PDB entries with extended CCD IDs

13 views
Skip to first unread message

Jose Duarte

unread,
Aug 1, 2023, 5:30:51 PM8/1/23
to APIs @ RCSB PDB

wwPDB, in collaboration with the PDBx/mmCIF Working Group, has set plans to extend the length of accession codes (IDs) for PDB and Chemical Component Dictionary (CCD) entries in the future. PDB entries containing these extended IDs will not be supported by the legacy PDB file format. (see previous announcement)
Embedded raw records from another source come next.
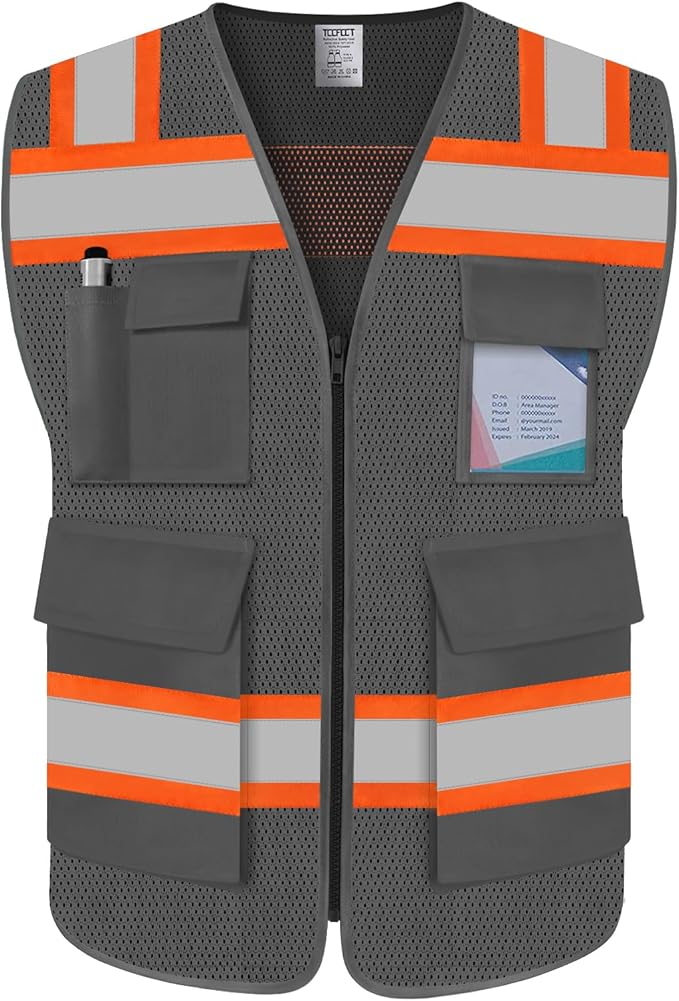 TCCFCCT High Visibility Vest 5 Pockets Mesh Reflective Safety Vest for Men Women, Hi Vis Work Vest with Reinforced Zipper and Fluorescent Orange Edge, Durable to Use, Meets ANSI/ISEA, DW-Grey, 2XL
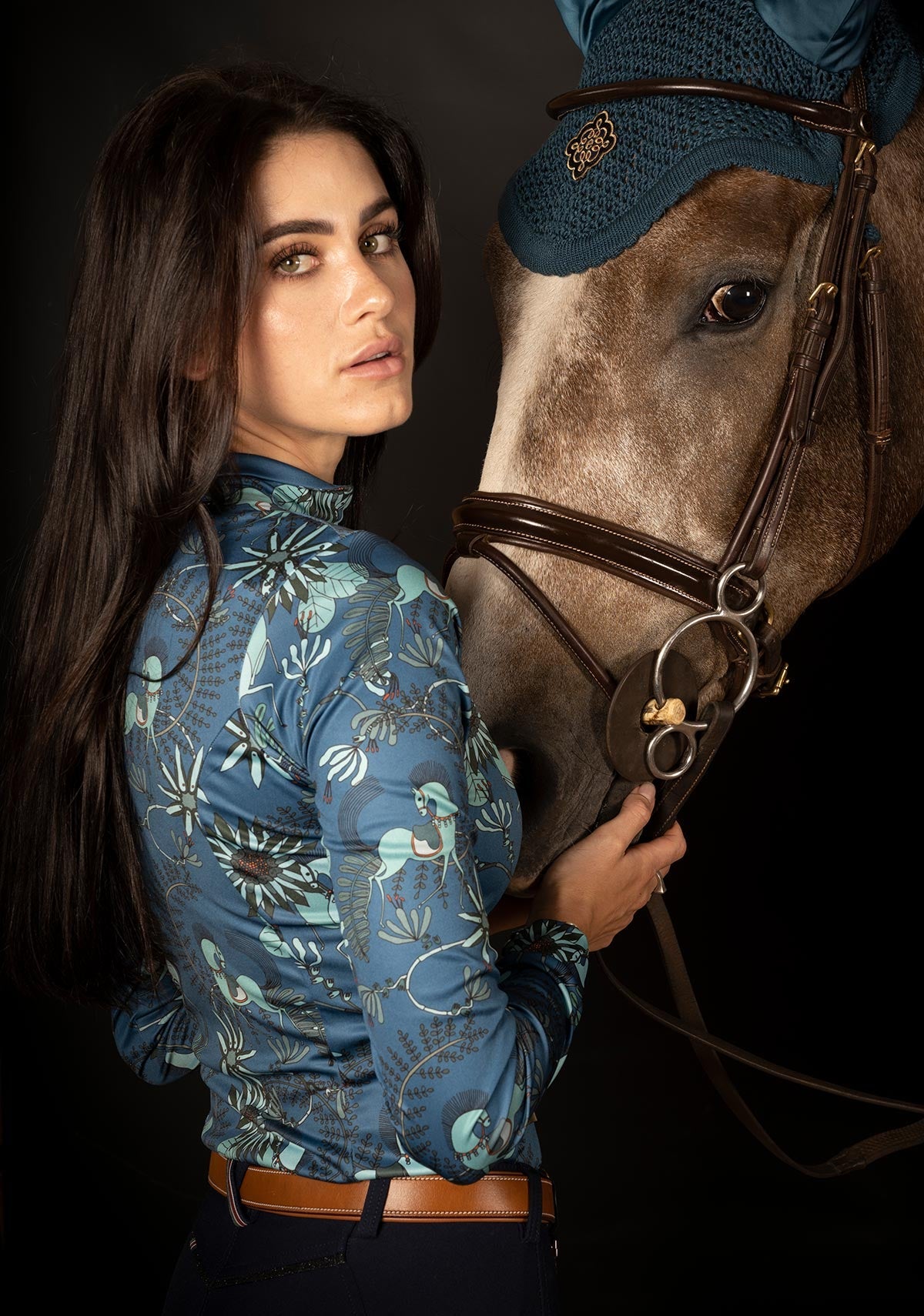 Image of Mint Magic on Harbor Blue Quarter Zip Sun Shirt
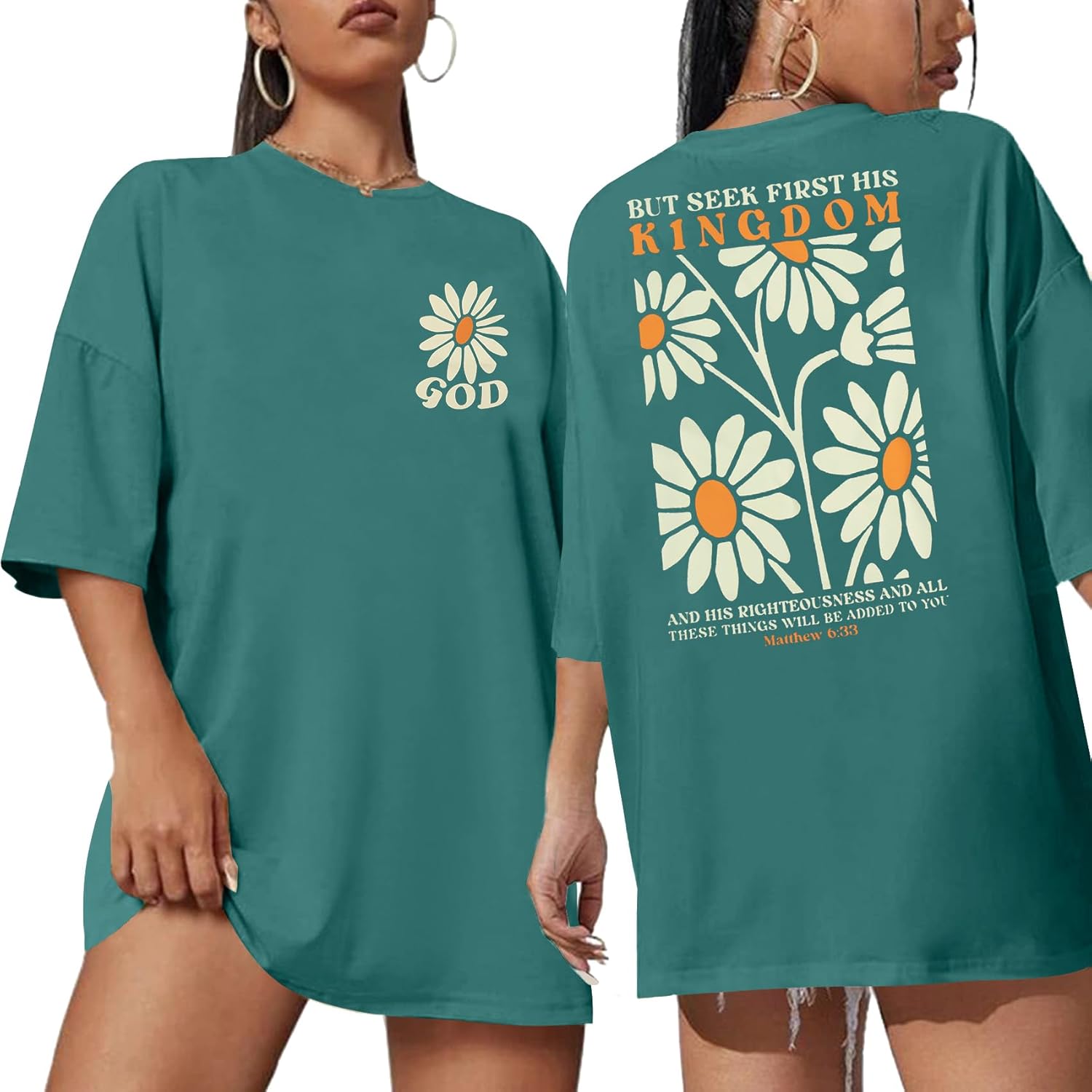 Boho Christian Oversized Shirts Women Religious Faith Shirt Bible Verse Gifts Tee God Short Sleeve Tops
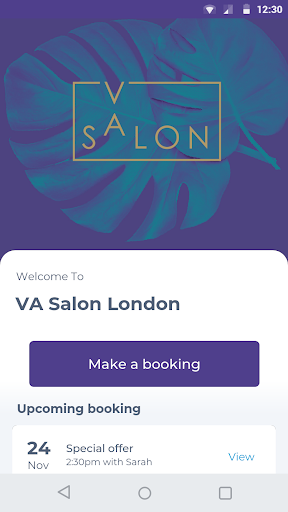 Android application VA Salon London screenshort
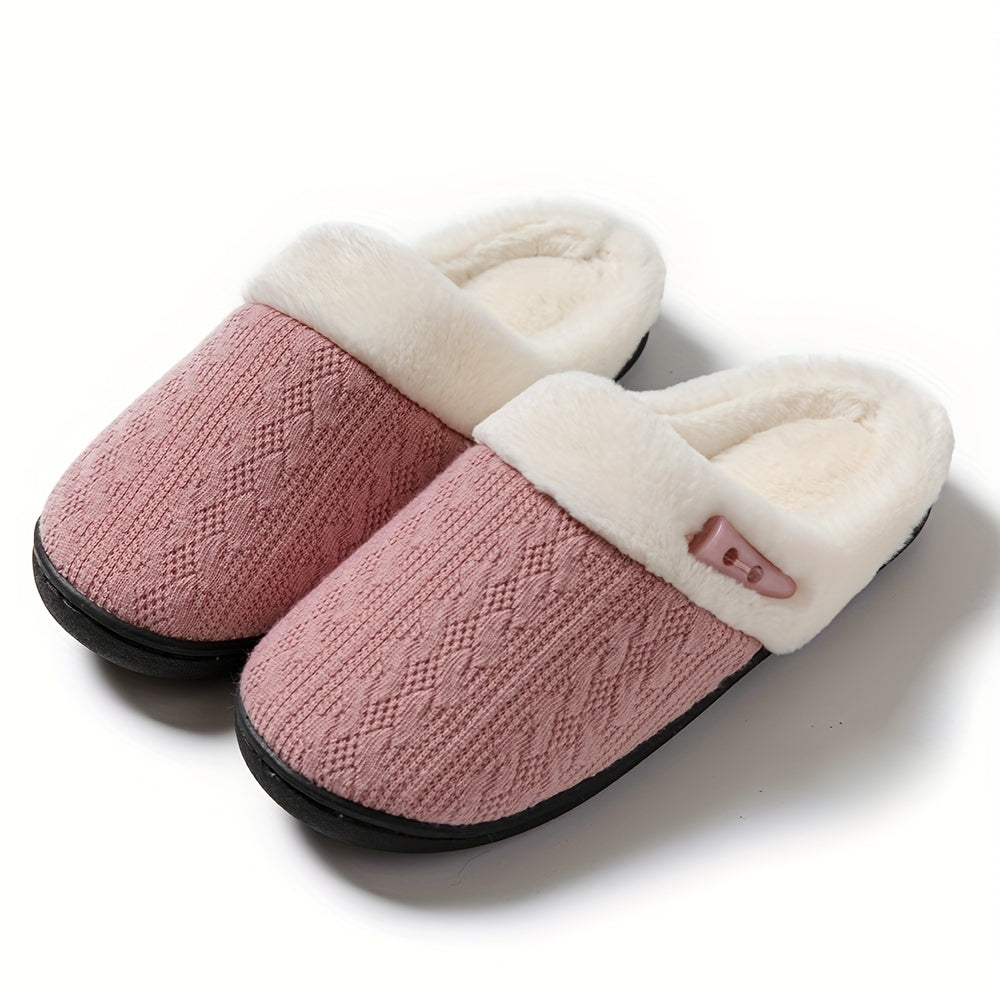 Solid Color Slippers, Casual Slip On Plush Lined Shoes, Comfortable Indoor Home Slippers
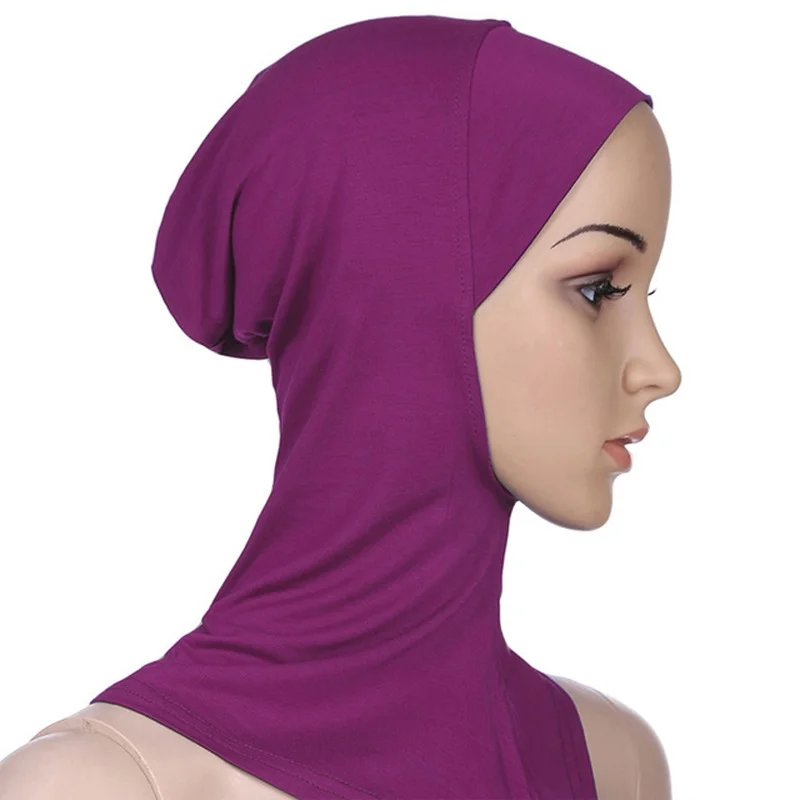 Bonnet Hijab Polyester Couleur Prune Noir Orange Doublure Enveloppante Coupe Simple Bordure Douce Fluide Mobilité Confortable Jours Moyens Soirées Familiales
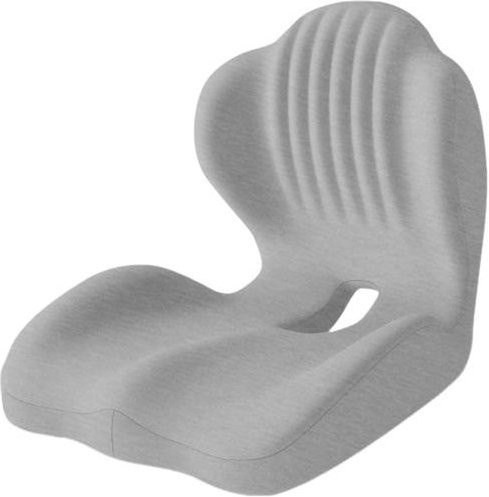 Hercules Ergonomisches Memory Foam Sitzkissen mit Rückenlehne und Lendenwirbelstütze in Lichtgrau - Bild 1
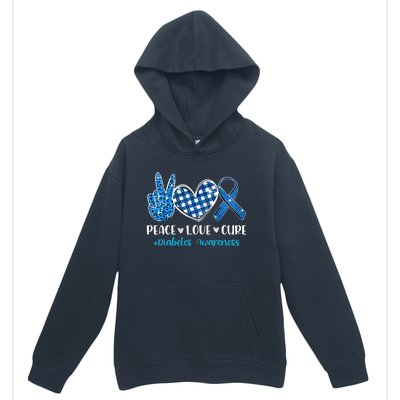 Bleached Peace Love Cure Grey Blue Ribbon Diabetes Awareness Urban Pullover Hoodie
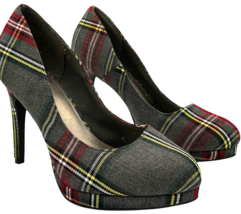 Fioni women&#39;s Grey/Yellow/Red/Black Plaid Platform Pumps 4 in. Stilettos... - $327.70 MXN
CCD entries are currently identified by unique three-character alphanumeric IDs. At current growth rates, we anticipate running out of three-character IDs before 2024. After this point, the wwPDB will issue five-character alphanumeric accession codes for CCD IDs in the OneDep system. To avoid confusion with current four-character PDB IDs, four-character codes will not be used. Owing to limitations of the legacy PDB file format, PDB entries containing the new five character ID codes will only be distributed in PDBx/mmCIF format.

In addition, wwPDB has reserved a set of CCD IDs: 01 - 99, DRG, INH, LIG that will never be used in the PDB. These reserved codes can be used for new ligands during structure determination so that they can be identified as new upon deposition and added to the CCD during biocuration.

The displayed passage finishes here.